Task directions.
Every line from the one with "Chung kết Hội" to the one with "Nostrae Modern Abstract", including those two, is to be copied exactly; all other lines of the entries below are left out.

Given records.
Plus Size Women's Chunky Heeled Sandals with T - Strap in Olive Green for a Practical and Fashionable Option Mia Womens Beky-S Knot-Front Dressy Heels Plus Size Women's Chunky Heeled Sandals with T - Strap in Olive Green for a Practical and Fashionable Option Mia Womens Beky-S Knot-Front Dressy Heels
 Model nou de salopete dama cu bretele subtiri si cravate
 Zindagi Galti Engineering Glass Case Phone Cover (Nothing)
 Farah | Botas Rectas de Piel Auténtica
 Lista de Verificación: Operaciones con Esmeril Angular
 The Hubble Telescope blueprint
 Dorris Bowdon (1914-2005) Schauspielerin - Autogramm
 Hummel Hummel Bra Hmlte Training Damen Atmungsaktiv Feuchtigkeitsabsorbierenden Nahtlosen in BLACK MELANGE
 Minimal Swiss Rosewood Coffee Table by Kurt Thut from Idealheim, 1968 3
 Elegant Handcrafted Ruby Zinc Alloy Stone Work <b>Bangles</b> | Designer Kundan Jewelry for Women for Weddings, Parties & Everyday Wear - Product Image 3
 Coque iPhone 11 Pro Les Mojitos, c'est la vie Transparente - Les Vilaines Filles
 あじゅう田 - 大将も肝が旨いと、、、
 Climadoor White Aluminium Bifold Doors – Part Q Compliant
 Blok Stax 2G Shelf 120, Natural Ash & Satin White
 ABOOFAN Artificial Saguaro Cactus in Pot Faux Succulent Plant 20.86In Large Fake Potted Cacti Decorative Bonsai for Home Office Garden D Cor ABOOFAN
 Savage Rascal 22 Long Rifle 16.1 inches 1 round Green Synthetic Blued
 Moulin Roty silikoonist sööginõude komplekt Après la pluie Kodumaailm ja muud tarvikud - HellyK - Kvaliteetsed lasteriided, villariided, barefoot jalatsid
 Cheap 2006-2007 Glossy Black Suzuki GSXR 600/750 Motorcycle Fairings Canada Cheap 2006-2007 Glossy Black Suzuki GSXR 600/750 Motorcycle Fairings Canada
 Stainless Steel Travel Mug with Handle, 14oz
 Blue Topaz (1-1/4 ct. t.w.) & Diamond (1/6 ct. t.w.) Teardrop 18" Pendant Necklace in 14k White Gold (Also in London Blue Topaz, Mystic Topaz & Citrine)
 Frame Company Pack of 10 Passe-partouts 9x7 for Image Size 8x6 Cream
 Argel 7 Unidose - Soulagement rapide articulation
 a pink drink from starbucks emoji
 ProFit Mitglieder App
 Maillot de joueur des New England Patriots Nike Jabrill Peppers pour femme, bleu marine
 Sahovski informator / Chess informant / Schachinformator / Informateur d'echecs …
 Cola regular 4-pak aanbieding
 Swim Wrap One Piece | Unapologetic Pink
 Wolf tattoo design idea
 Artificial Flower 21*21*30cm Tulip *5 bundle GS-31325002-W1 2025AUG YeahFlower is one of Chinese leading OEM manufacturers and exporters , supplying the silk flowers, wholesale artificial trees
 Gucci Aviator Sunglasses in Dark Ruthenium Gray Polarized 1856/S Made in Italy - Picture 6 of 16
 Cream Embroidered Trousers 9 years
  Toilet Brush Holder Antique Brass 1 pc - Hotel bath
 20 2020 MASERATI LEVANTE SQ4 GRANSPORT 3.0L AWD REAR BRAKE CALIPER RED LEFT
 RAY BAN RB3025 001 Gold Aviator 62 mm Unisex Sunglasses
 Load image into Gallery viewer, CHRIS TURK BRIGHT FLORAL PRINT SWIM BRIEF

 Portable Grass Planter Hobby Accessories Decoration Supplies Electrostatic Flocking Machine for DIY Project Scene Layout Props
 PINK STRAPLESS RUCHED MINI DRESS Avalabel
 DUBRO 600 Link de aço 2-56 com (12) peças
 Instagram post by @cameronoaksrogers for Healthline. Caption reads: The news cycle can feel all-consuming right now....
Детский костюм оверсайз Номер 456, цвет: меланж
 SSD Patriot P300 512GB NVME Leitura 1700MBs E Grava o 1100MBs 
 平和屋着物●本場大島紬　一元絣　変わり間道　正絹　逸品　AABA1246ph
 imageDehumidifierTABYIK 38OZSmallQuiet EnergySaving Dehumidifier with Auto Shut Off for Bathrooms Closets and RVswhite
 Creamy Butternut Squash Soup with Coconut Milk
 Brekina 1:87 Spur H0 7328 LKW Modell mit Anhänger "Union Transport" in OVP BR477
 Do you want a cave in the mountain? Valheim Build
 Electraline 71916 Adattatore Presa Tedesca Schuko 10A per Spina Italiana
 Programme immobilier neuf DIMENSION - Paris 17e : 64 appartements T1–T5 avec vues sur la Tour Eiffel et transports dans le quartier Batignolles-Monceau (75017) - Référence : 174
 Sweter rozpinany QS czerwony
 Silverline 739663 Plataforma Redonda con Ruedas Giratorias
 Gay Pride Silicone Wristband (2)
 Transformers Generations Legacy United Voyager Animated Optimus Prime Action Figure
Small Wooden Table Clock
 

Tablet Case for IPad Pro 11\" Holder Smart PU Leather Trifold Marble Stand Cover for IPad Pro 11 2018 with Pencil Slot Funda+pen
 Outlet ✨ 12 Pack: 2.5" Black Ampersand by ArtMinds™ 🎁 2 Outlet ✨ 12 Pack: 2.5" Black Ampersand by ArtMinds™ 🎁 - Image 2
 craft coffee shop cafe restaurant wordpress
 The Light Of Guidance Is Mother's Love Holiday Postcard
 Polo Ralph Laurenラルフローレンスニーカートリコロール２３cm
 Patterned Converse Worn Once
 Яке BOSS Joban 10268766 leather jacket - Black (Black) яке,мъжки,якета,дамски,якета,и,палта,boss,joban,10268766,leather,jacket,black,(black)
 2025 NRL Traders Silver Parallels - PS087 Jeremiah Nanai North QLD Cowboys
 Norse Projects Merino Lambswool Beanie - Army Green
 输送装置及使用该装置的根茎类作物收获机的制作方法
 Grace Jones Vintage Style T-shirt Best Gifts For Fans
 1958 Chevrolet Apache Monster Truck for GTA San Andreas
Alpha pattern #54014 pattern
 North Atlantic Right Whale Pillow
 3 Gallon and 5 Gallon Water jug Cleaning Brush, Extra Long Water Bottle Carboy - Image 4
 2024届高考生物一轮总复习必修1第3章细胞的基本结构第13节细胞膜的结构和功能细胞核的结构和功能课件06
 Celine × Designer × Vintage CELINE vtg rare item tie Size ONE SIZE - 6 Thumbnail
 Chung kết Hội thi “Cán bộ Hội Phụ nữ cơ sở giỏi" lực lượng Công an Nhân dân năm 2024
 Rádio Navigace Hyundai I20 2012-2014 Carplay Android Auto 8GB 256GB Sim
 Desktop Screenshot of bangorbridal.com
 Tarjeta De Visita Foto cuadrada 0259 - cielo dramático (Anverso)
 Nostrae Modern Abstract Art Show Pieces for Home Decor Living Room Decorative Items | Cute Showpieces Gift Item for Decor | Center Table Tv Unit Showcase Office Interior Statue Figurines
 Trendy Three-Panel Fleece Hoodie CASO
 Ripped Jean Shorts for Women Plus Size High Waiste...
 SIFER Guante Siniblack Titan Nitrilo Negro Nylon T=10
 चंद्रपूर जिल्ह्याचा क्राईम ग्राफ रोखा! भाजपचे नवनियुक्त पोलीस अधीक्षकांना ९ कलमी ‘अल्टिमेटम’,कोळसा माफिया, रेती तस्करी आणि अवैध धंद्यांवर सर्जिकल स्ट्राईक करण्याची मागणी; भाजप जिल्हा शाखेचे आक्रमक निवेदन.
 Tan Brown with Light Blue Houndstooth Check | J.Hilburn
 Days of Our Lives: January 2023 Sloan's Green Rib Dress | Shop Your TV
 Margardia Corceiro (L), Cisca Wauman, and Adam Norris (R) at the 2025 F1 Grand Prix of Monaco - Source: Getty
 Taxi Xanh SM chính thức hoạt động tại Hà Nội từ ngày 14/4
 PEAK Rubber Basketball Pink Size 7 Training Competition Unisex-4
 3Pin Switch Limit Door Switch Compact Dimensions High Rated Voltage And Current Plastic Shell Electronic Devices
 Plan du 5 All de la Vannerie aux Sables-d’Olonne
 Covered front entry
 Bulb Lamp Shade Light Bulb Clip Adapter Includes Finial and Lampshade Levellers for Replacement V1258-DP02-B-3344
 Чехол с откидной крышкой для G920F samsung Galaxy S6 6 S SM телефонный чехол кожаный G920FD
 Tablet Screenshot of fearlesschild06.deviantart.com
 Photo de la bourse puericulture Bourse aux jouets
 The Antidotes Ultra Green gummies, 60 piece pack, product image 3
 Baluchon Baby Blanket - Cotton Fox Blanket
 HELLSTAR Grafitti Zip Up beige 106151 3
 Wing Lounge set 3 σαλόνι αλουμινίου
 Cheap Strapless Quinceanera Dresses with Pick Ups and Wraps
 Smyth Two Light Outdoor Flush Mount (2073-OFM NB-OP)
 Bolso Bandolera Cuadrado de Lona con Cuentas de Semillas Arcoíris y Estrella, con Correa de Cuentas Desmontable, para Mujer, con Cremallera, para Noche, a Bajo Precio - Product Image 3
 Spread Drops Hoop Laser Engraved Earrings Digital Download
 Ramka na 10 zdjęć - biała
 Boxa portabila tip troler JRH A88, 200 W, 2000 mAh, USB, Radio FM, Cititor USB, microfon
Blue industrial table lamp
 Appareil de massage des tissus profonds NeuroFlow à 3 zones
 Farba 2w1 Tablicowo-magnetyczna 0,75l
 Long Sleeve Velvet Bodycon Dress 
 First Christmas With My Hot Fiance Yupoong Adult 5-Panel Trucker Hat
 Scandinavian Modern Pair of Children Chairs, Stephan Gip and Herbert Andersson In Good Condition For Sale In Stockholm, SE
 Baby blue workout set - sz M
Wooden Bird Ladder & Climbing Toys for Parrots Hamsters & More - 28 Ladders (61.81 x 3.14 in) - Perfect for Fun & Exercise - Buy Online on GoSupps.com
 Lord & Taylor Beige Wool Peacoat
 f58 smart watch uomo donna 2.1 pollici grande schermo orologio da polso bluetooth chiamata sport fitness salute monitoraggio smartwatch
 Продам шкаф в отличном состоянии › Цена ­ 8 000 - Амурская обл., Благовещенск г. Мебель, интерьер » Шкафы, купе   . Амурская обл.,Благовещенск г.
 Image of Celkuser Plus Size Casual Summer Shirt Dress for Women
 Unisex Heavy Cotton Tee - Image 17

Answer to the problem.
 Chung kết Hội thi “Cán bộ Hội Phụ nữ cơ sở giỏi" lực lượng Công an Nhân dân năm 2024
 Rádio Navigace Hyundai I20 2012-2014 Carplay Android Auto 8GB 256GB Sim
 Desktop Screenshot of bangorbridal.com
 Tarjeta De Visita Foto cuadrada 0259 - cielo dramático (Anverso)
 Nostrae Modern Abstract Art Show Pieces for Home Decor Living Room Decorative Items | Cute Showpieces Gift Item for Decor | Center Table Tv Unit Showcase Office Interior Statue Figurines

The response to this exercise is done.